Erna Low Property, French Alpine property specialists located in London and in the French ski resort of Les Arcs 1950, say that buyers must resist the urge to panic as there will be no change to buyers conditions and they state that right now buyers should focus on risk assessment and limitation of potential future damage.

‘We are sure that there will be no change in buying costs for those looking to buy property in France, and there are no planned changes in taxations for the income made from property rentals, as well as no difference in capital gain tax as since January 2015 a single rate was applied for EU and Non-EU members,’ said director Francois Marchand.

‘In time, UK residents might be limited regarding the amount of GBP investments and the amount of wealth that can be sent abroad when a new government is in.

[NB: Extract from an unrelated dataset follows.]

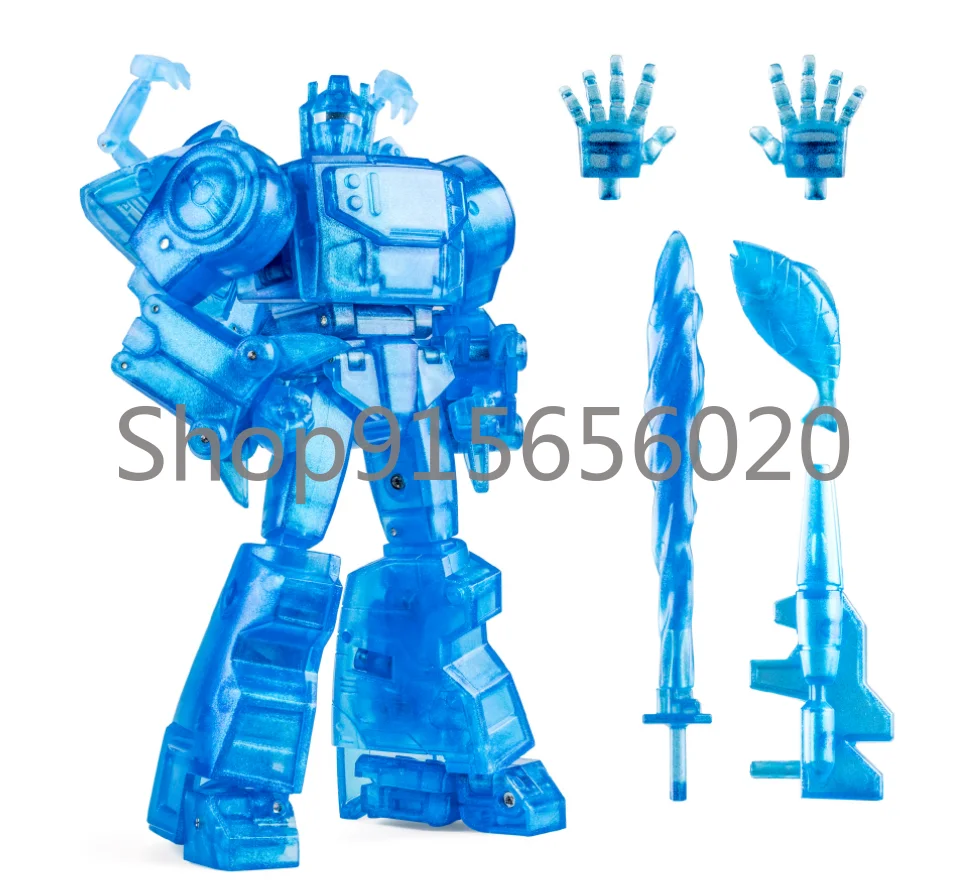 

Newage H44H Ymir NA H-44H Limited Lucky Draw Version Blue Color Small Size Mini In Stock
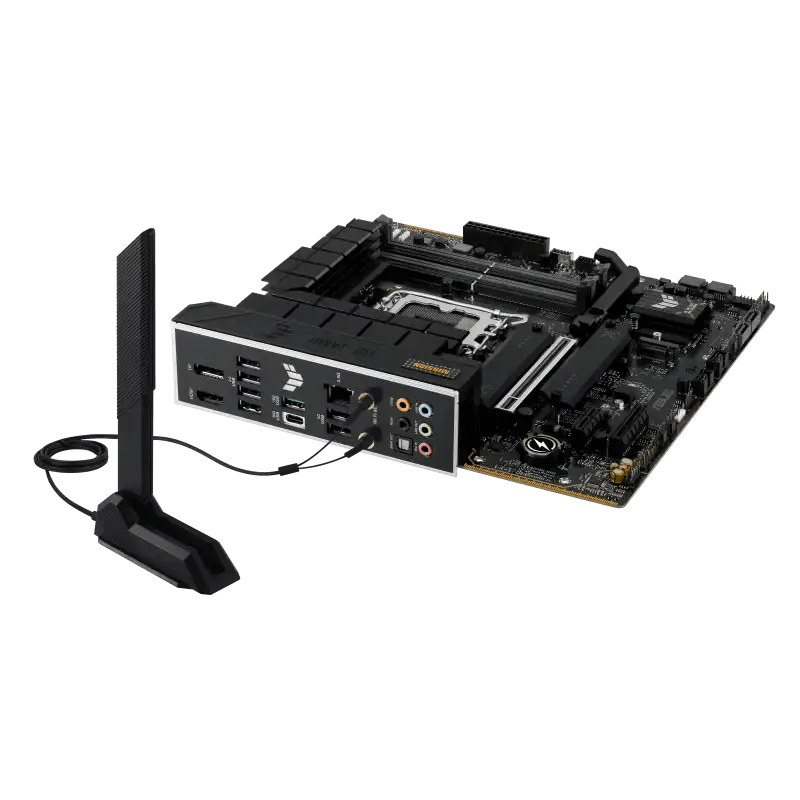 ASUS TUF GAMING B760M - PLUS WIFI II Intel 700 Series mATX Motherboard | 90MB1HE0 - M0EAY0 | - Vektra Computers LLC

A safe investment risk strategy has always been to diversify your portfolio. It will make no difference for our clients investing in a French property whether they have bought, are planning to buy, or are currently in the process of buying a property in France. The mountains were there before EU existed, and will be there tomorrow to welcome any international property investors, part of the EU or not,’ he added.

However, Alejandra Vanoli, managing director of Mallorca Sotheby's International Realty, believes that the real impact Brexit will have on European property markets will be hard to determine until the negotiations between the UK and the EU are finalised.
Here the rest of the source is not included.